:: Work item ::
Please repeat the data exactly. Any picture in it stays out.

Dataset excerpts
----

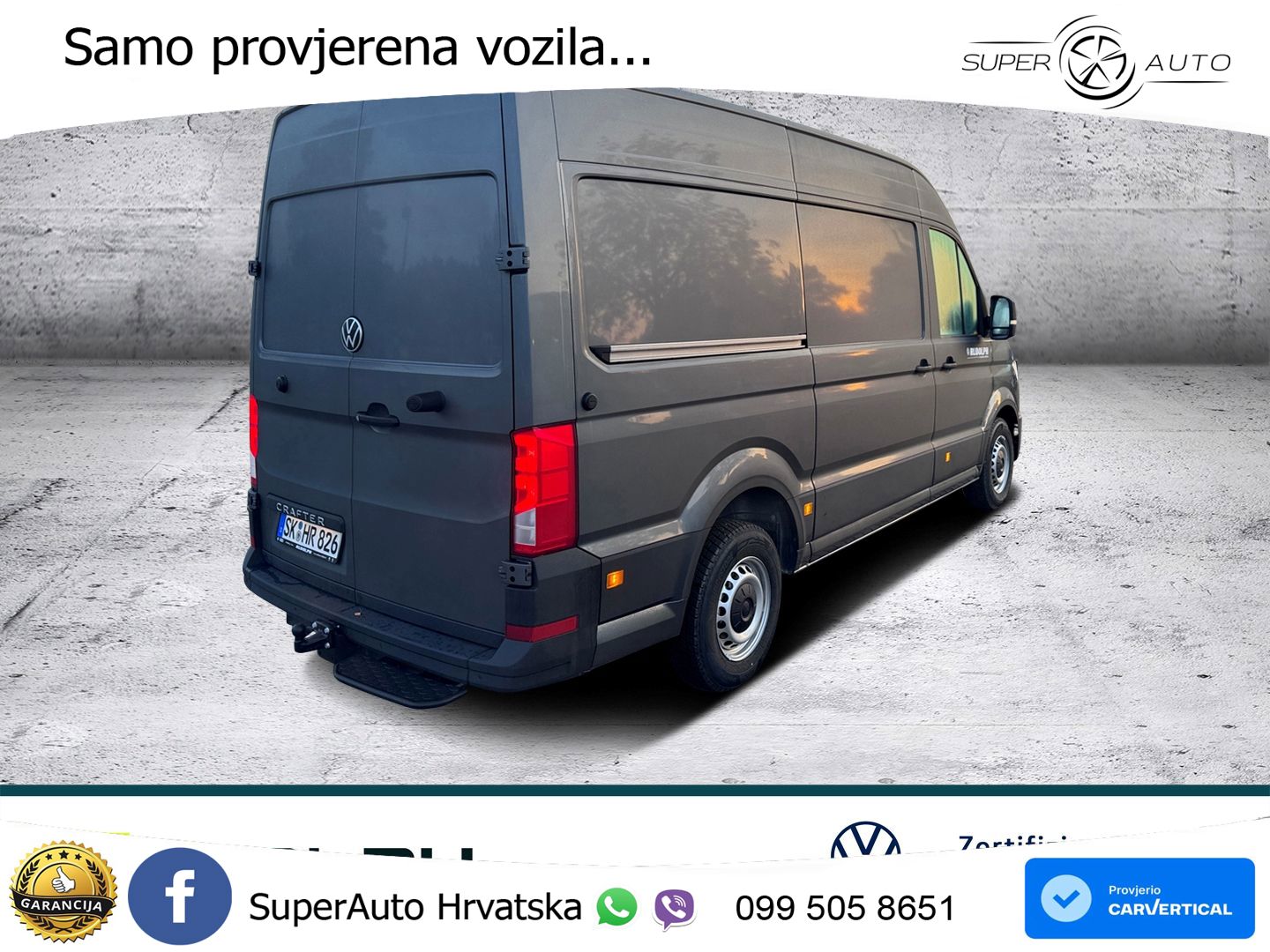 VW Crafter 140 KS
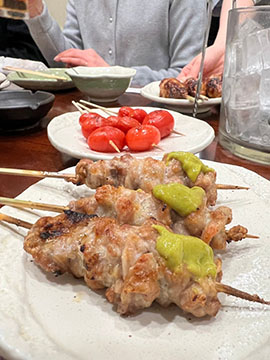 鳥やき一和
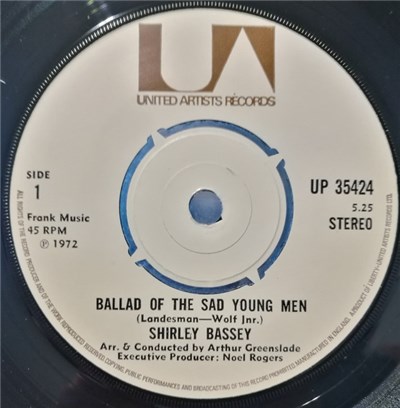 Shirley Bassey - Ballad Of The Sad Young Men download mp3 flac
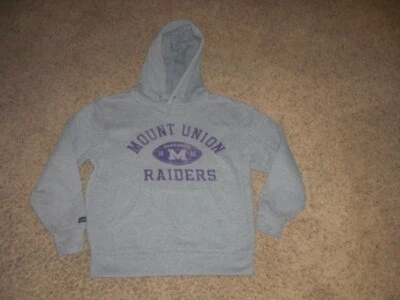 Moletom com capuz MOUNT UNION FOOTBALL cinza masculino médio Jansport - Imagem 1 de 4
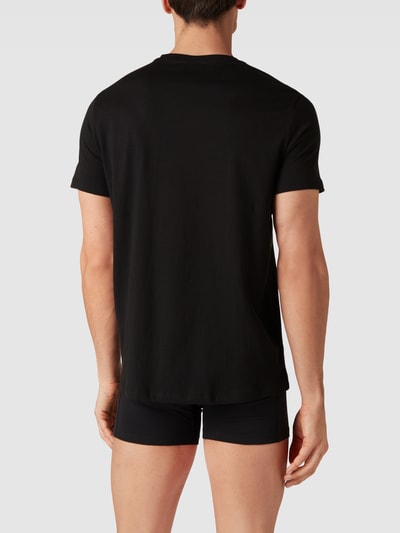 BOSS T-Shirt mit Label-Detail Black 4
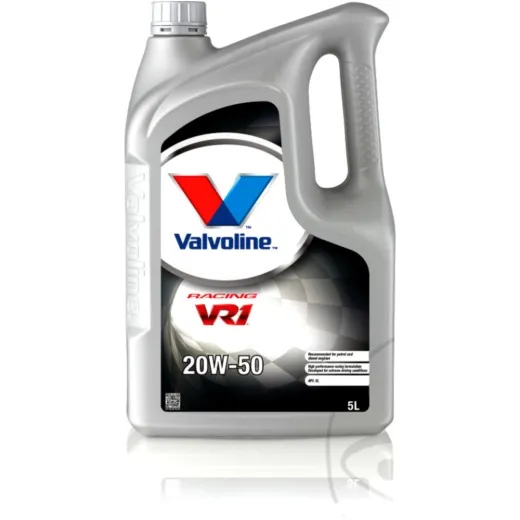 Engine oil 20w50 vr1 5l val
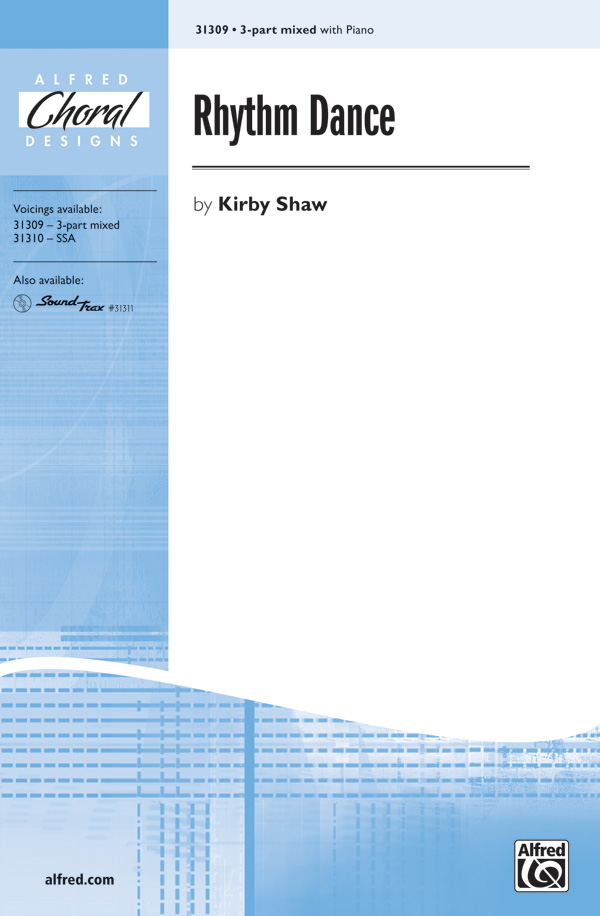 Rhythm Dance for 3-part mixed chorus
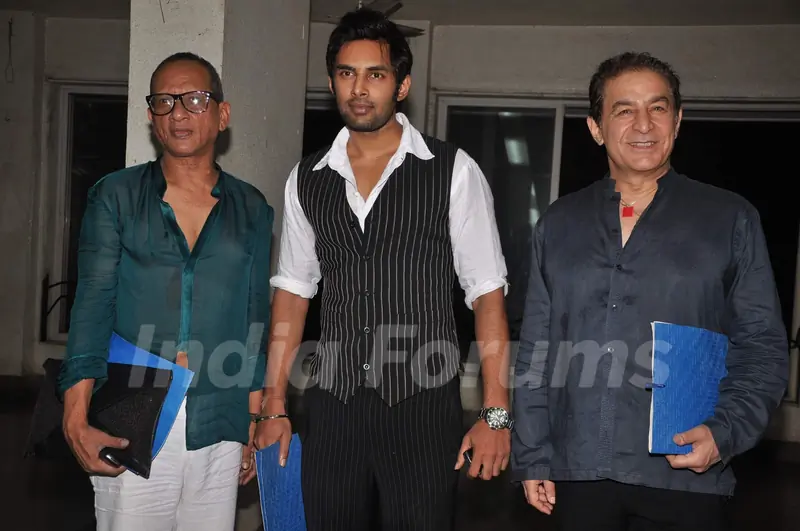 Rahul Raj Singh and Dalip Tahil at INIFD Annual Fashion show at ST Andrews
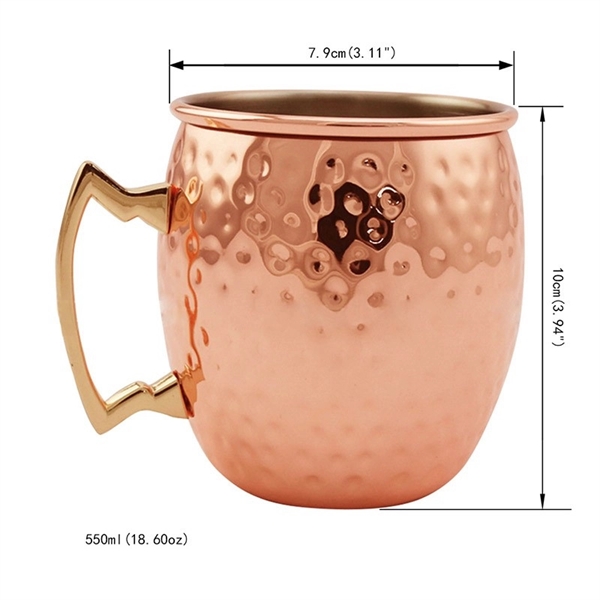 Copper Mug - Copper Mug - Image 3 of 5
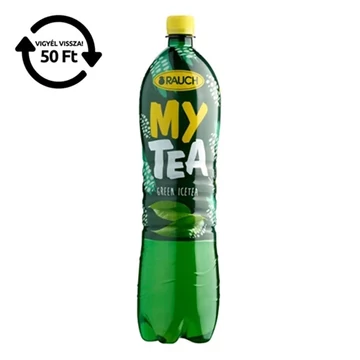 Rauch Ice Tea 1,5l PET zöld tea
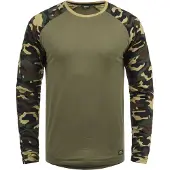 !Solid Solid Rundhalsshirt "Rundhalsshirt SDCajus"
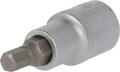 BRILLIANT TOOLS 1/2" Innensechskant Bit-Stecknuss, 55 mm lang, 7 mm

----

:: Reply ::
 VW Crafter 140 KS
 鳥やき一和
 Shirley Bassey - Ballad Of The Sad Young Men download mp3 flac
 Moletom com capuz MOUNT UNION FOOTBALL cinza masculino médio Jansport - Imagem 1 de 4
 BOSS T-Shirt mit Label-Detail Black 4
 Engine oil 20w50 vr1 5l val
 Rhythm Dance for 3-part mixed chorus
 Rahul Raj Singh and Dalip Tahil at INIFD Annual Fashion show at ST Andrews
 Copper Mug - Copper Mug - Image 3 of 5
 Rauch Ice Tea 1,5l PET zöld tea
 !Solid Solid Rundhalsshirt "Rundhalsshirt SDCajus"
 BRILLIANT TOOLS 1/2" Innensechskant Bit-Stecknuss, 55 mm lang, 7 mm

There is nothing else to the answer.